Dataset records:
::::::
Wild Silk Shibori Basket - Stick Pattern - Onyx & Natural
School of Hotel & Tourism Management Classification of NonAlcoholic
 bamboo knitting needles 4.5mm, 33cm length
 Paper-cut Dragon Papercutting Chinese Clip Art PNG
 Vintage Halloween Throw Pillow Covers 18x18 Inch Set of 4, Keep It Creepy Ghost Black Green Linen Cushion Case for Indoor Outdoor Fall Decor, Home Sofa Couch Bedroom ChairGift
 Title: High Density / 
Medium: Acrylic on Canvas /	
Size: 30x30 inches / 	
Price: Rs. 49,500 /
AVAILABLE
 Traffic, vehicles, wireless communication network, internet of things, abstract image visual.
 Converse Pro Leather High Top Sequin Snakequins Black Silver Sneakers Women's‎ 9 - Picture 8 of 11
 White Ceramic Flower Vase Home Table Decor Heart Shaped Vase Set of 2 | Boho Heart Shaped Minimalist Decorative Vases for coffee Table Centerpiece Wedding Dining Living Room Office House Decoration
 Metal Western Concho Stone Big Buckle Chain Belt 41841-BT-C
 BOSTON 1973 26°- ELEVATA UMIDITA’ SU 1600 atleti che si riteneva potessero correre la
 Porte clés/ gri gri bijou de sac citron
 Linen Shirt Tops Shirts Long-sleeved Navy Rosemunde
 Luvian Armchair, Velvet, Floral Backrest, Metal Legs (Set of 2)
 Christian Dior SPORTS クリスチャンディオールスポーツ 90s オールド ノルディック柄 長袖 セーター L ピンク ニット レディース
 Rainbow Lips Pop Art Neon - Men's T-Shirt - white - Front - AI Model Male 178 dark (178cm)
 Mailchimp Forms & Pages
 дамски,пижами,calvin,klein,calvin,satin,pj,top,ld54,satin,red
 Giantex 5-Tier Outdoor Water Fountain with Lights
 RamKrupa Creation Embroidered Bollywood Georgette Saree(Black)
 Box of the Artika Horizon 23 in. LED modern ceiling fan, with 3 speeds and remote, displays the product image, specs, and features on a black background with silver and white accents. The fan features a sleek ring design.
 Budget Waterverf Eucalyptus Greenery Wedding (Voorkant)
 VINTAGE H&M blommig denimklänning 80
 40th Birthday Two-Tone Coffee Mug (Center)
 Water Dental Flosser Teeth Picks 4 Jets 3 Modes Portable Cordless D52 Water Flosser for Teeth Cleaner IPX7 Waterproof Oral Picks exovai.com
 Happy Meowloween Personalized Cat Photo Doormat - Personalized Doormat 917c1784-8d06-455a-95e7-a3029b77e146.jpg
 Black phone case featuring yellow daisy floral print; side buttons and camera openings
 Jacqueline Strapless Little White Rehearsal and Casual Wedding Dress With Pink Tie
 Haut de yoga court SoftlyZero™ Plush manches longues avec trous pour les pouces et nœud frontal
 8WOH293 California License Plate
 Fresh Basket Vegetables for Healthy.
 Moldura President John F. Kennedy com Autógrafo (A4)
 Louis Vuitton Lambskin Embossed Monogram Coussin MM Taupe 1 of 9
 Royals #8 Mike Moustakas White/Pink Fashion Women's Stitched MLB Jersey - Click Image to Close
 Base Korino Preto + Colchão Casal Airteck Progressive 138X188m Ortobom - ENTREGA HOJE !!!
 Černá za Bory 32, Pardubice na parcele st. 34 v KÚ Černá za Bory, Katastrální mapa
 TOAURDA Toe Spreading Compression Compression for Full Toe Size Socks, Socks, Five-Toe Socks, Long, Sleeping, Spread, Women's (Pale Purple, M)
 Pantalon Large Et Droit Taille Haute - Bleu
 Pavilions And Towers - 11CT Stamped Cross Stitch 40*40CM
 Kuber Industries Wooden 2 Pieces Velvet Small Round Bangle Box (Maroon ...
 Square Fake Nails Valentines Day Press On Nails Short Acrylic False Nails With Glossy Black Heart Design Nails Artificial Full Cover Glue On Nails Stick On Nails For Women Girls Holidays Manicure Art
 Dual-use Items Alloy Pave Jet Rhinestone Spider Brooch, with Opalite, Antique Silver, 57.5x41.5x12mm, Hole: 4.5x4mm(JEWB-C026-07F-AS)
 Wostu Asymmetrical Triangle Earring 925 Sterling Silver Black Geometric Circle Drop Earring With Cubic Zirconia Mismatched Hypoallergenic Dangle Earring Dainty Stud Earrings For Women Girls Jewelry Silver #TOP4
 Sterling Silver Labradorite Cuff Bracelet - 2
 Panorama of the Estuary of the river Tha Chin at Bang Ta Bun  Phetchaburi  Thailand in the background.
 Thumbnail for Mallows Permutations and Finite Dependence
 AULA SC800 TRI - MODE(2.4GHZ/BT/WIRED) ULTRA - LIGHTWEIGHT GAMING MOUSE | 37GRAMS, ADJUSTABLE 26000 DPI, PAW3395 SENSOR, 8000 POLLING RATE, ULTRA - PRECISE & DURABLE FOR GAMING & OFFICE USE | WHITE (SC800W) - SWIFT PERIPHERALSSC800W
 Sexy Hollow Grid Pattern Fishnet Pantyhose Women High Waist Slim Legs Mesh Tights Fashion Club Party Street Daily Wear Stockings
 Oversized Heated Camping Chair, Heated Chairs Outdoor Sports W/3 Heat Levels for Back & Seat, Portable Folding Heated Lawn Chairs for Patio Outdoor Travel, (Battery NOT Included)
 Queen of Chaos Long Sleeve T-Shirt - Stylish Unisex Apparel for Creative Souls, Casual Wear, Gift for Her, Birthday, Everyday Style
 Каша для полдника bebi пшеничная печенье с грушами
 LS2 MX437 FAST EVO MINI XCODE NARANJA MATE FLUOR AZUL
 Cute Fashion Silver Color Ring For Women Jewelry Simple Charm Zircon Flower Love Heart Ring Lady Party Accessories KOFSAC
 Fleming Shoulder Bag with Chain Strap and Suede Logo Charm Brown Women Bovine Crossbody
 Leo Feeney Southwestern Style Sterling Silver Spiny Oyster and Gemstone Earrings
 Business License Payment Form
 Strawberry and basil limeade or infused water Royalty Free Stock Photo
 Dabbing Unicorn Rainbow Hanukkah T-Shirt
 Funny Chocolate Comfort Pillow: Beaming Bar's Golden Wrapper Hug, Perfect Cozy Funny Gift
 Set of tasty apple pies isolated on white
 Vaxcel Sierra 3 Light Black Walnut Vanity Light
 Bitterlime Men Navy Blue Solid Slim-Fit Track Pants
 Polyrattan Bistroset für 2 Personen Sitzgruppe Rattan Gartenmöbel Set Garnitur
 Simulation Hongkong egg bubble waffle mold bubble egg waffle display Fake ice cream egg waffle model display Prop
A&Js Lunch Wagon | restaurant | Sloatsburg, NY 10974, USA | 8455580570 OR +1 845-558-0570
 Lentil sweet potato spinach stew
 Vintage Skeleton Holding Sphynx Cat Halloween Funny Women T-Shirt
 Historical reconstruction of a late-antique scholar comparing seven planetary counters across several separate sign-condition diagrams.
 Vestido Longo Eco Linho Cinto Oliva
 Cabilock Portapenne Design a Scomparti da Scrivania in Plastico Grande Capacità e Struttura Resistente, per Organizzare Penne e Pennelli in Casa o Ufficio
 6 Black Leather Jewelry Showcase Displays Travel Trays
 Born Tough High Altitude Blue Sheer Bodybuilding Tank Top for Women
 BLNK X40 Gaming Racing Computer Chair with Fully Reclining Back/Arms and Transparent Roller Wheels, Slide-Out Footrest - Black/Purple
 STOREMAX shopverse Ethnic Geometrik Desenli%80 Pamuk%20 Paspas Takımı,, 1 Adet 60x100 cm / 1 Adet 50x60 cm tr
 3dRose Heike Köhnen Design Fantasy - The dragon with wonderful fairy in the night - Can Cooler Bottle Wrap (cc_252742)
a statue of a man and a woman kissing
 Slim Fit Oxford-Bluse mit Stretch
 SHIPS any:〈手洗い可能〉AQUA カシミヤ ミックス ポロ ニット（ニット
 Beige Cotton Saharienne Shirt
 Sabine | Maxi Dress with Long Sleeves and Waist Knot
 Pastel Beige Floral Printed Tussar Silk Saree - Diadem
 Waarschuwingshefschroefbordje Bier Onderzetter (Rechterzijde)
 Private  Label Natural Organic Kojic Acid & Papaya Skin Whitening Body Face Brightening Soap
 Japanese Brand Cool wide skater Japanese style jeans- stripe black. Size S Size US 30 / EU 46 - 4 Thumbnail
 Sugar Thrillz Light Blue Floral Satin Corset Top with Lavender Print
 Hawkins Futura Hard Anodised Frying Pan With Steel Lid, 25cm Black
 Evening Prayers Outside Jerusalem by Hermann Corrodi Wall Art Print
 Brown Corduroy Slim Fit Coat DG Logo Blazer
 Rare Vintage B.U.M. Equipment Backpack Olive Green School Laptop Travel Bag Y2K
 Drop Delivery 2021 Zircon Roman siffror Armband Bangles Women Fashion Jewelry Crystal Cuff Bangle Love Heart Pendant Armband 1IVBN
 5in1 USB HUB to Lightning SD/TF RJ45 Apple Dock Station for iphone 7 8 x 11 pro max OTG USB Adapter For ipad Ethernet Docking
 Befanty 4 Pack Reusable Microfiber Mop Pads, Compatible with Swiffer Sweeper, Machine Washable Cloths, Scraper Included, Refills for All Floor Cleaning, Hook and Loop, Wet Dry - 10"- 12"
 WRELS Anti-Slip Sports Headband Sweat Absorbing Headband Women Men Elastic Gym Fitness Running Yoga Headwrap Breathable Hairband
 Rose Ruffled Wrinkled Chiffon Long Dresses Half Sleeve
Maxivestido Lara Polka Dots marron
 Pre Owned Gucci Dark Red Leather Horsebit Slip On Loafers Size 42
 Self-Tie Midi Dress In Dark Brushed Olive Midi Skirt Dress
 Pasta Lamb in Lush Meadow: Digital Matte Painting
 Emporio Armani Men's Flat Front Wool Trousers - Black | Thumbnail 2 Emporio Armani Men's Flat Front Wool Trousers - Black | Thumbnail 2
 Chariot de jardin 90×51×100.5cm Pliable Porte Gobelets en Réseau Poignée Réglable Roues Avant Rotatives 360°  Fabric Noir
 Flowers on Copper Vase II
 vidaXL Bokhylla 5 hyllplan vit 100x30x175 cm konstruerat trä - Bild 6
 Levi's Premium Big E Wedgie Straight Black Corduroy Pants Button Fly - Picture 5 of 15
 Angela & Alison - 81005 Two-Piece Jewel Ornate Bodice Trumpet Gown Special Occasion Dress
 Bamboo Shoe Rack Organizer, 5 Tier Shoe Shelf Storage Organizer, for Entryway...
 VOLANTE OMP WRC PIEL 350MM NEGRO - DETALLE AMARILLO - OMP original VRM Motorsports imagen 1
::::::
__EXERCISE DETAILS__. Given the records above, restate word for word only the lines starting at the one with "Square Fake Nails" and ending at the one with "Sterling Silver Labradorite".

__RESPONSE BOX__.
 Square Fake Nails Valentines Day Press On Nails Short Acrylic False Nails With Glossy Black Heart Design Nails Artificial Full Cover Glue On Nails Stick On Nails For Women Girls Holidays Manicure Art
 Dual-use Items Alloy Pave Jet Rhinestone Spider Brooch, with Opalite, Antique Silver, 57.5x41.5x12mm, Hole: 4.5x4mm(JEWB-C026-07F-AS)
 Wostu Asymmetrical Triangle Earring 925 Sterling Silver Black Geometric Circle Drop Earring With Cubic Zirconia Mismatched Hypoallergenic Dangle Earring Dainty Stud Earrings For Women Girls Jewelry Silver #TOP4
 Sterling Silver Labradorite Cuff Bracelet - 2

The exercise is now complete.